C’è un inconsapevole verita’ nascosta nella scaletta di un telegiornale.
La verità che tutto e’ relativo.
Si parte con un massacro e si finisce con i gol, passando attraverso la telepromozione di un materasso e la richiesta di aiuto per bambini che stanno morendo di fame.
E tutto accade in maniera naturale, come un orchestra che passa da un allegro a un adagio, con un direttore che gestisce a colpi di bacchetta tragedia e farsa, sport e spettacolo, morti e goleador.
Noi siamo spettatori di uno show, abbiamo poltrone più’ o meno comode e più o meno vicine al palco, ma ci sentiamo sempre estranei a ciò che accade sul palcoscenico.
Non saremo mai vittime e non saremo mai eroi.
Ma sempre e soltanto auditori distratti delle solite storie che l’uomo costruisce da millenni.
Odio e amore, guerra e pace, vittime e carnefici.
Un canovaccio cosi’ usato da apparire come una corda sfilacciata pronta a spezzarsi.
Poi improvvisamente appare un cane, un cane poliziotto, ucciso da dei coglioni terroristi.

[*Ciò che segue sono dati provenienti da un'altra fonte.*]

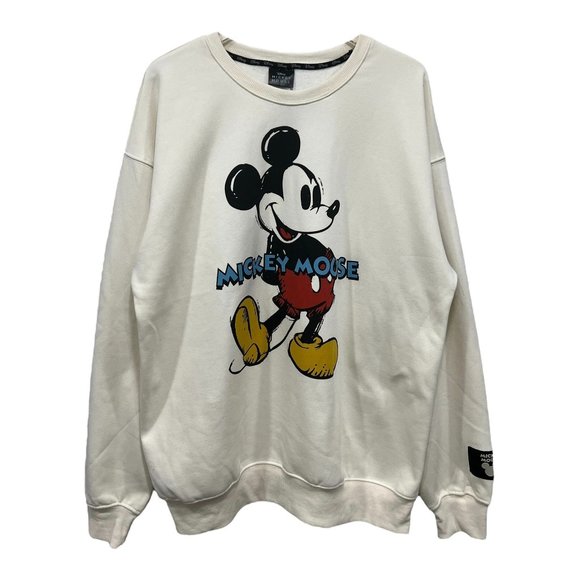Disney Tops - Disney Mickey Mouse Crewneck Sweatshirt Size XL NWT Fleece Lining Creme Ivory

Il cane viene trasportato fuori dal museo, senza vita, su una barella sporca del suo sangue.
Per un attimo si smette di raccontare la storia degli uomini e si racconta la storia di un cane.
E mi commuovo.
C’è un inconsapevole verita’ nascosta nella scaletta di un telegiornale.
Tutto e’ relativo quando si parla di uomini, ma tutto e’ così assoluto quando la vittima e’ un povero animale che dietro una maschera da poliziotto cela l’anima selvaggia della natura massacrata dall’arroganza e della stupidita’ umana.